* _Work to be completed_: The exercise calls for exact output of the lines between the one that contains "1988 Dom Pérignon" and the end of the data, with both ends kept and pictures left out.
===== Information provided =====
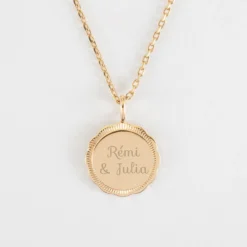 New HappyBulle Pendentif personnalisé médaille contour fleur gravée plaqué or 18 mm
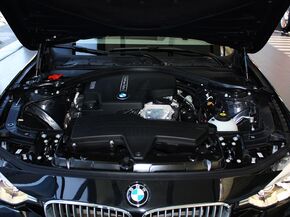 华晨宝马  320Li 2.0T 发动机局部特写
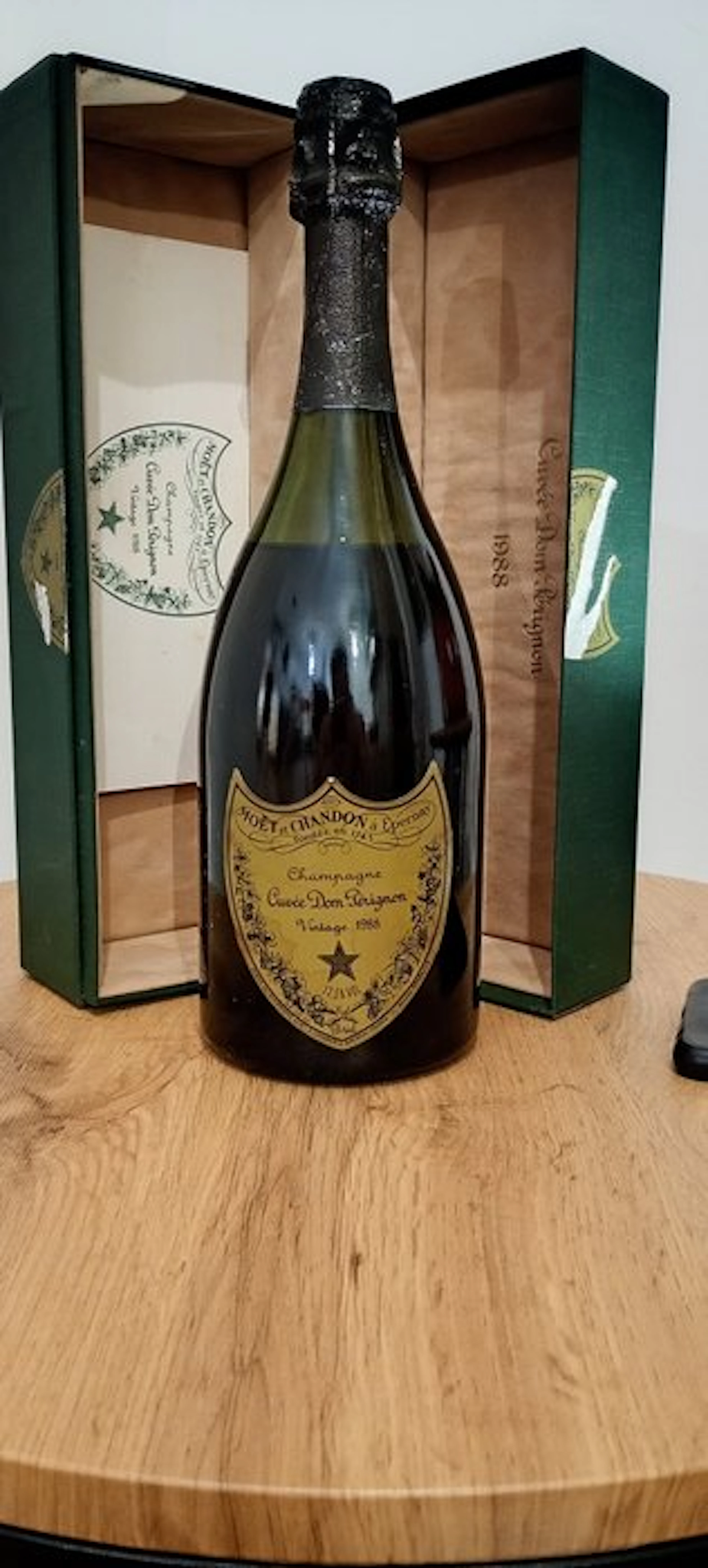 1988 Dom Pérignon - Champagne Brut - 1 Bottle (0.75L)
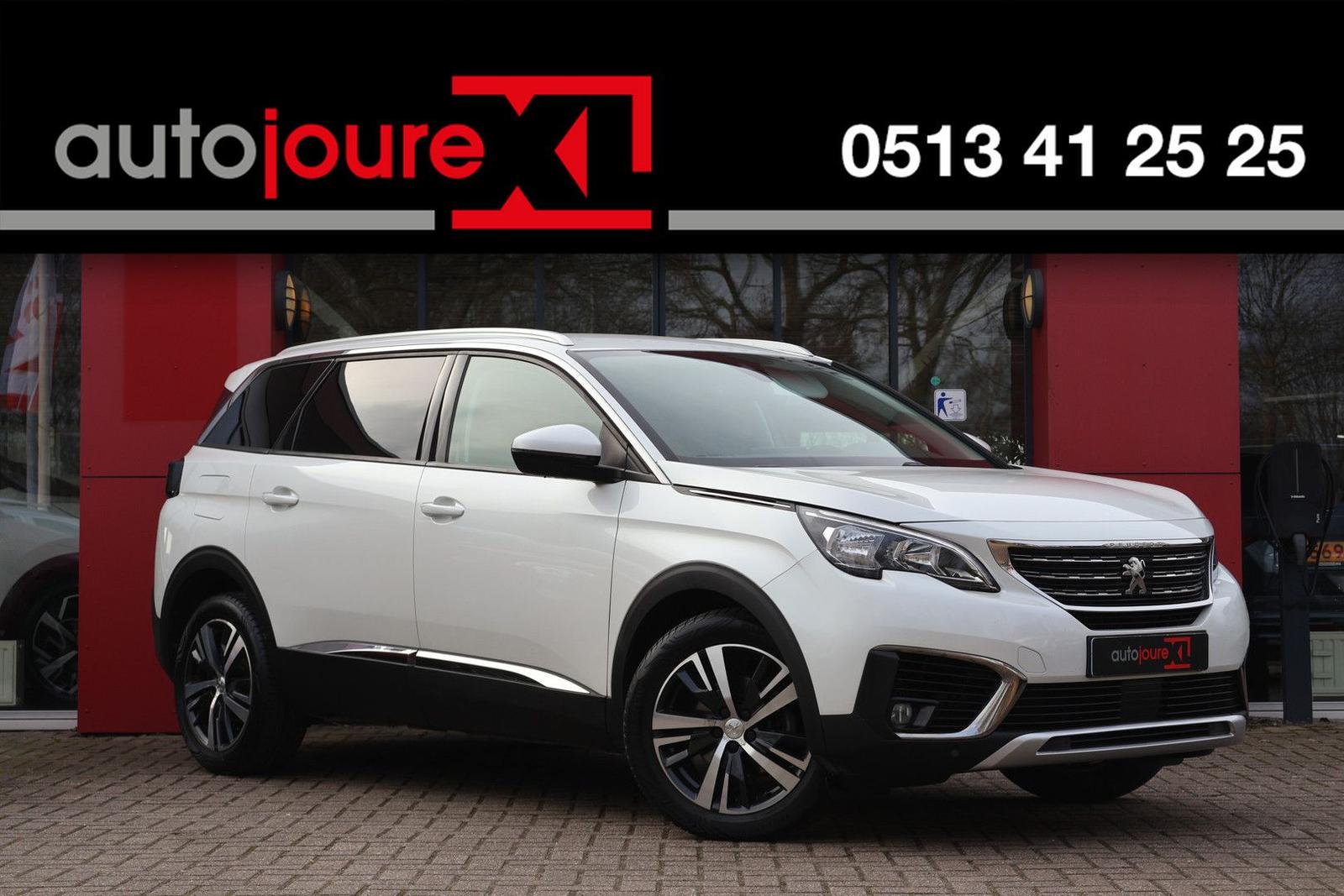 Peugeot 5008 1.6 e-THP automatik Blue Lease Premium | 7-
=====
* _Answer box_:
 1988 Dom Pérignon - Champagne Brut - 1 Bottle (0.75L)
 Peugeot 5008 1.6 e-THP automatik Blue Lease Premium | 7-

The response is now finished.